普通の人でありたい住田くん。愛に忠実でいたい茶沢さん。2人の中学生のいびつな青春。

住田くんは親に捨てられ、いろんなトラブルに巻き込まれて、地味に何でもなく生きることすら夢のよう。希望を持てないでいるんですね。舞台設定は、3.11東日本大震災直後、見た目も中身も、どん底の環境下にいるんですね。まず、早々にこのセンセーショナルな話題を、自然に組み込んできたのは、すごいです。そして、住田くんのゼロからの出発は、まさに今、たいへんな目に遭っている人たちに重なってくるんですね。

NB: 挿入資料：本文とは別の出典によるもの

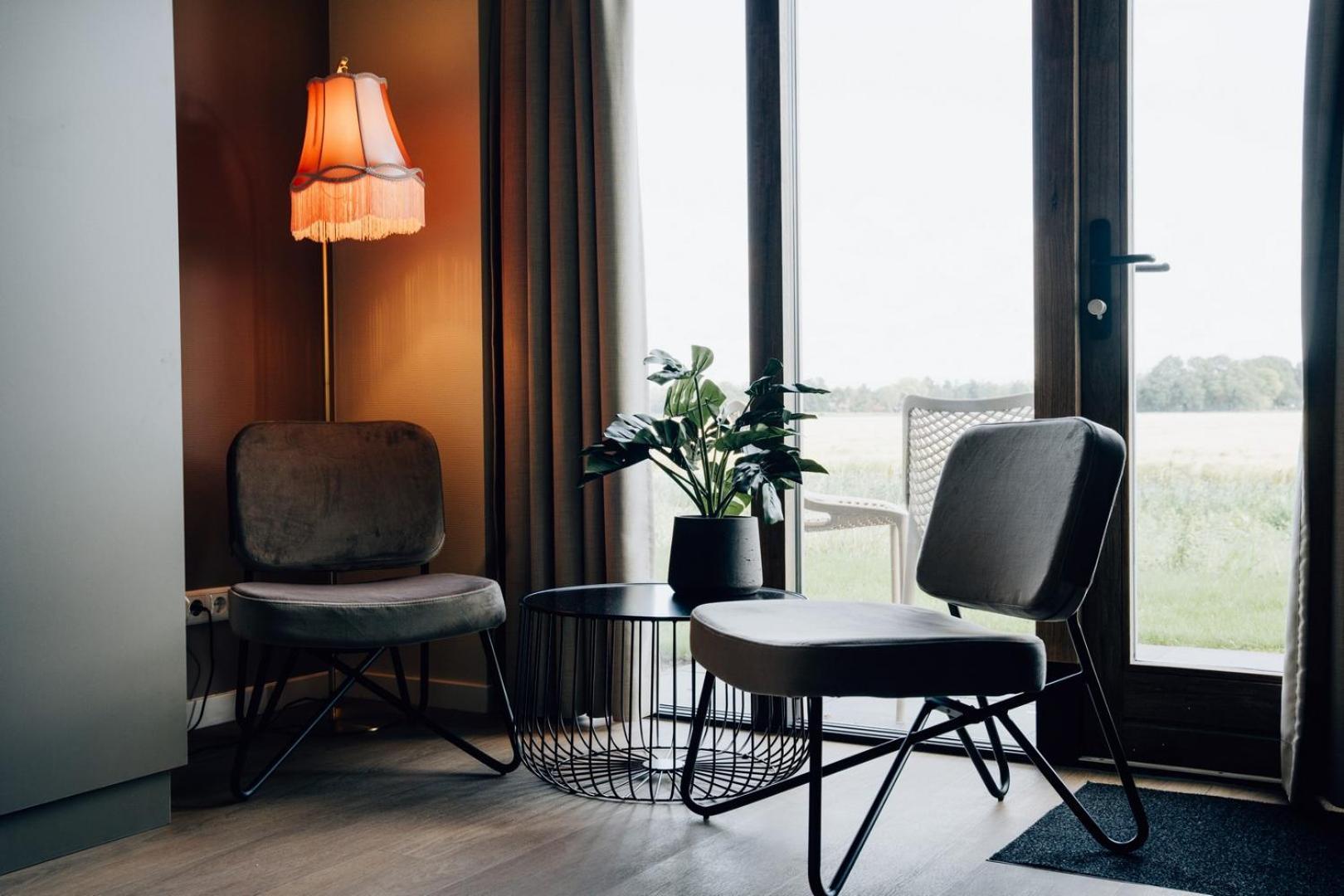 Hotel Het Witte Veen Witteveen Eksteriør billede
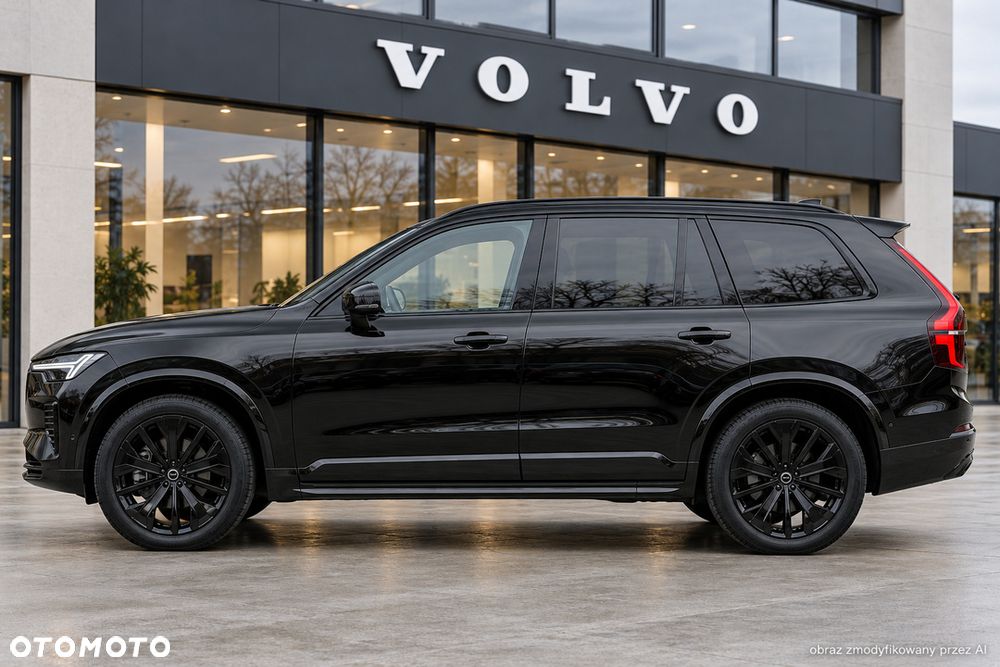 Volvo XC 90 B5 B AWD Ultra Black Edition 7os - 7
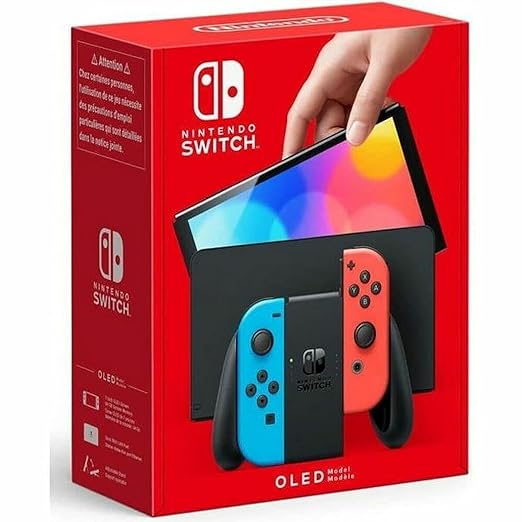 Nintendo Switch – OLED Model w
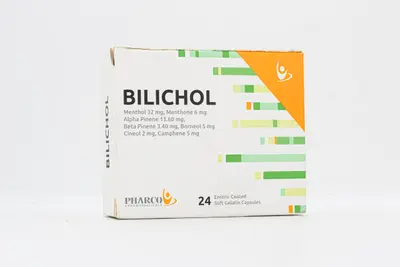 Bilichol 24 Cap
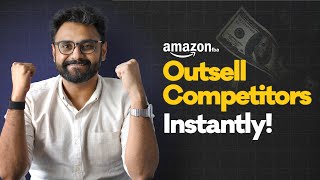 Whats Holding You Back from Outselling Your Amazon Competitors [upl. by Jane]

茶沢さんは、すごく気持ち悪いんですけど、ストーカーもいいところなんですけれど、いると安心する存在なんですよね。そんなのマンガ原作だもの、嘘みたいなキャラも出てきますよ。なんて、思いもしたのですけれど、ちょっと、こう考えてみると、「ずっと付きまとう自己肯定の成り代わった存在みたいなものなのかも」って。そうすると、茶沢さんはどこにでもいるんですよね。ほとんど諦めながらも、未来に期待して、がんばれ、夢をもて。って、どこか思わずにいられないものね。僕の茶沢さんなんか、うるさくてうるさくて、時々泣きたくなりますよ。残酷だなあ、と思うこともあるんですけれど、僕みたいに未練たらたらする余裕もない人の傍には、茶沢さんがついていてあげて欲しいですね。うるさいくらいに、声を張り上げて。がんばれ!

himizu01.jpg
▲何度も同じことを言う。悪びれないで言う。理性に効くコンボを打ってくる父。
「お前、本当、いらねぇんだ、ごめんな」

染谷将太(住田くん)はすごいですね。『パンドラの匣』も大好きです。あと、光石研(住田の父)。うまいだけじゃなくて、役の振り幅がすごい。『ヒミズ』は珍しいくらい役者すげー!って思う映画でした。カメラの外、園子温監督の所作の方が芝居掛かってて気になるくらいですよ。

では、またお目に掛かりましょう。